Write all of the lines below out again, exactly as they stand.

RECORDS SHOWN:
=======
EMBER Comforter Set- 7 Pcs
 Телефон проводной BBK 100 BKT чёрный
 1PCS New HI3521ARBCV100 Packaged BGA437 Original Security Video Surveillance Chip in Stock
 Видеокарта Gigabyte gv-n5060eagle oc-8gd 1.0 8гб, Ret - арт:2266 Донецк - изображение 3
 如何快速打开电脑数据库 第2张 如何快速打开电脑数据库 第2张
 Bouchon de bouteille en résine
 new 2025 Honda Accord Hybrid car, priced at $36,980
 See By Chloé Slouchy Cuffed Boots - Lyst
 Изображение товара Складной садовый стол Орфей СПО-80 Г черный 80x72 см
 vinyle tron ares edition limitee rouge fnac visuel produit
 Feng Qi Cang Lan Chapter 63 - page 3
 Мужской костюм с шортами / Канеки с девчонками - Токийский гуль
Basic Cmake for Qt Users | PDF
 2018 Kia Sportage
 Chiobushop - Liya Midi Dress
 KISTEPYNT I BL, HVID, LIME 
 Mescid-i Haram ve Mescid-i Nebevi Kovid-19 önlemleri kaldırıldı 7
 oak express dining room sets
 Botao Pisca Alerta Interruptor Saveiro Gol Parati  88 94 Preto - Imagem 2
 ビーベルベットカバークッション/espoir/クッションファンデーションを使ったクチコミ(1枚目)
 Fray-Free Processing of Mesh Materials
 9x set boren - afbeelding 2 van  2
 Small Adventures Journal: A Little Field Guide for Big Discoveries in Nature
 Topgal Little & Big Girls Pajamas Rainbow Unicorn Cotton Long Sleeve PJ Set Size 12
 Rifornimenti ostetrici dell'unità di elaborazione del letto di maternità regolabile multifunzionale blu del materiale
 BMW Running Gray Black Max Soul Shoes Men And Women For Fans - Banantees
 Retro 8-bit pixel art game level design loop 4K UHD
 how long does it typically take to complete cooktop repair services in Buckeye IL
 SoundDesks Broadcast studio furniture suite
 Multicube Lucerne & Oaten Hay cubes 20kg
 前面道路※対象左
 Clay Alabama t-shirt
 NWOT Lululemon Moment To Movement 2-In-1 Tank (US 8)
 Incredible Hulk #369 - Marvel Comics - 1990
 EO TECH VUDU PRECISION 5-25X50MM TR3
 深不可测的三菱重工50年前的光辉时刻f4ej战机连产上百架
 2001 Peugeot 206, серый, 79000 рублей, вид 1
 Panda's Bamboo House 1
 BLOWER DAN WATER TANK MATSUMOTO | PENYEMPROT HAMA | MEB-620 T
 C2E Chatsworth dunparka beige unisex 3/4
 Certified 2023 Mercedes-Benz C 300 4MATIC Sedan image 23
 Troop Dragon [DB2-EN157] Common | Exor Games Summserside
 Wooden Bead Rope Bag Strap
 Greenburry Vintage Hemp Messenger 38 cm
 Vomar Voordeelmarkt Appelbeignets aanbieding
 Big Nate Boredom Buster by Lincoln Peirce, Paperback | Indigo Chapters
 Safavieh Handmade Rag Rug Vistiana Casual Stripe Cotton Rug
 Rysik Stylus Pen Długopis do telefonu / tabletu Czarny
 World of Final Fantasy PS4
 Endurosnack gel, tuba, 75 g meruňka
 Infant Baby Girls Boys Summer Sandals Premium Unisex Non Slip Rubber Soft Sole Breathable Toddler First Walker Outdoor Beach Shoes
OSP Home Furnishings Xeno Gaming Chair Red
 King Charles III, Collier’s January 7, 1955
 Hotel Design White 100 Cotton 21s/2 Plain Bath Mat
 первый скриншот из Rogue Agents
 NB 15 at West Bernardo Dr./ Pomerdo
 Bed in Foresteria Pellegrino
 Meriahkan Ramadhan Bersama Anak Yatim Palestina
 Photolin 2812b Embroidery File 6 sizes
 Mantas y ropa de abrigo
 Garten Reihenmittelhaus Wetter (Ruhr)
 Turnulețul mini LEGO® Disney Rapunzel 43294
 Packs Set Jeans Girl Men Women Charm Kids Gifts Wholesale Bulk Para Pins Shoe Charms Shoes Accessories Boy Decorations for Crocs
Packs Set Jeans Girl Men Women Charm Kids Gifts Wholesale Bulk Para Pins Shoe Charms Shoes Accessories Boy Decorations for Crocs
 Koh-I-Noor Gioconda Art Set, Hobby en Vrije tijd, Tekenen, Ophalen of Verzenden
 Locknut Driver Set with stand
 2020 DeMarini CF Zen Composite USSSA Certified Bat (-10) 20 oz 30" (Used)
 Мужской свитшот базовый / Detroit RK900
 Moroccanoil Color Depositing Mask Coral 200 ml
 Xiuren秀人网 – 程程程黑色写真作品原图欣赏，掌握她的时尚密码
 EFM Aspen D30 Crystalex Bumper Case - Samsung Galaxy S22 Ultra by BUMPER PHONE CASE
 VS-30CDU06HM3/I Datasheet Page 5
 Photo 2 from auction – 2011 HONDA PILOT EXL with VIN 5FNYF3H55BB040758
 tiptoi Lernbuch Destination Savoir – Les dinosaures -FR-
=======
REPLY TO THE EXERCISE:
EMBER Comforter Set- 7 Pcs
 Телефон проводной BBK 100 BKT чёрный
 1PCS New HI3521ARBCV100 Packaged BGA437 Original Security Video Surveillance Chip in Stock
 Видеокарта Gigabyte gv-n5060eagle oc-8gd 1.0 8гб, Ret - арт:2266 Донецк - изображение 3
 如何快速打开电脑数据库 第2张 如何快速打开电脑数据库 第2张
 Bouchon de bouteille en résine
 new 2025 Honda Accord Hybrid car, priced at $36,980
 See By Chloé Slouchy Cuffed Boots - Lyst
 Изображение товара Складной садовый стол Орфей СПО-80 Г черный 80x72 см
 vinyle tron ares edition limitee rouge fnac visuel produit
 Feng Qi Cang Lan Chapter 63 - page 3
 Мужской костюм с шортами / Канеки с девчонками - Токийский гуль
Basic Cmake for Qt Users | PDF
 2018 Kia Sportage
 Chiobushop - Liya Midi Dress
 KISTEPYNT I BL, HVID, LIME 
 Mescid-i Haram ve Mescid-i Nebevi Kovid-19 önlemleri kaldırıldı 7
 oak express dining room sets
 Botao Pisca Alerta Interruptor Saveiro Gol Parati  88 94 Preto - Imagem 2
 ビーベルベットカバークッション/espoir/クッションファンデーションを使ったクチコミ(1枚目)
 Fray-Free Processing of Mesh Materials
 9x set boren - afbeelding 2 van  2
 Small Adventures Journal: A Little Field Guide for Big Discoveries in Nature
 Topgal Little & Big Girls Pajamas Rainbow Unicorn Cotton Long Sleeve PJ Set Size 12
 Rifornimenti ostetrici dell'unità di elaborazione del letto di maternità regolabile multifunzionale blu del materiale
 BMW Running Gray Black Max Soul Shoes Men And Women For Fans - Banantees
 Retro 8-bit pixel art game level design loop 4K UHD
 how long does it typically take to complete cooktop repair services in Buckeye IL
 SoundDesks Broadcast studio furniture suite
 Multicube Lucerne & Oaten Hay cubes 20kg
 前面道路※対象左
 Clay Alabama t-shirt
 NWOT Lululemon Moment To Movement 2-In-1 Tank (US 8)
 Incredible Hulk #369 - Marvel Comics - 1990
 EO TECH VUDU PRECISION 5-25X50MM TR3
 深不可测的三菱重工50年前的光辉时刻f4ej战机连产上百架
 2001 Peugeot 206, серый, 79000 рублей, вид 1
 Panda's Bamboo House 1
 BLOWER DAN WATER TANK MATSUMOTO | PENYEMPROT HAMA | MEB-620 T
 C2E Chatsworth dunparka beige unisex 3/4
 Certified 2023 Mercedes-Benz C 300 4MATIC Sedan image 23
 Troop Dragon [DB2-EN157] Common | Exor Games Summserside
 Wooden Bead Rope Bag Strap
 Greenburry Vintage Hemp Messenger 38 cm
 Vomar Voordeelmarkt Appelbeignets aanbieding
 Big Nate Boredom Buster by Lincoln Peirce, Paperback | Indigo Chapters
 Safavieh Handmade Rag Rug Vistiana Casual Stripe Cotton Rug
 Rysik Stylus Pen Długopis do telefonu / tabletu Czarny
 World of Final Fantasy PS4
 Endurosnack gel, tuba, 75 g meruňka
 Infant Baby Girls Boys Summer Sandals Premium Unisex Non Slip Rubber Soft Sole Breathable Toddler First Walker Outdoor Beach Shoes
OSP Home Furnishings Xeno Gaming Chair Red
 King Charles III, Collier’s January 7, 1955
 Hotel Design White 100 Cotton 21s/2 Plain Bath Mat
 первый скриншот из Rogue Agents
 NB 15 at West Bernardo Dr./ Pomerdo
 Bed in Foresteria Pellegrino
 Meriahkan Ramadhan Bersama Anak Yatim Palestina
 Photolin 2812b Embroidery File 6 sizes
 Mantas y ropa de abrigo
 Garten Reihenmittelhaus Wetter (Ruhr)
 Turnulețul mini LEGO® Disney Rapunzel 43294
 Packs Set Jeans Girl Men Women Charm Kids Gifts Wholesale Bulk Para Pins Shoe Charms Shoes Accessories Boy Decorations for Crocs
Packs Set Jeans Girl Men Women Charm Kids Gifts Wholesale Bulk Para Pins Shoe Charms Shoes Accessories Boy Decorations for Crocs
 Koh-I-Noor Gioconda Art Set, Hobby en Vrije tijd, Tekenen, Ophalen of Verzenden
 Locknut Driver Set with stand
 2020 DeMarini CF Zen Composite USSSA Certified Bat (-10) 20 oz 30" (Used)
 Мужской свитшот базовый / Detroit RK900
 Moroccanoil Color Depositing Mask Coral 200 ml
 Xiuren秀人网 – 程程程黑色写真作品原图欣赏，掌握她的时尚密码
 EFM Aspen D30 Crystalex Bumper Case - Samsung Galaxy S22 Ultra by BUMPER PHONE CASE
 VS-30CDU06HM3/I Datasheet Page 5
 Photo 2 from auction – 2011 HONDA PILOT EXL with VIN 5FNYF3H55BB040758
 tiptoi Lernbuch Destination Savoir – Les dinosaures -FR-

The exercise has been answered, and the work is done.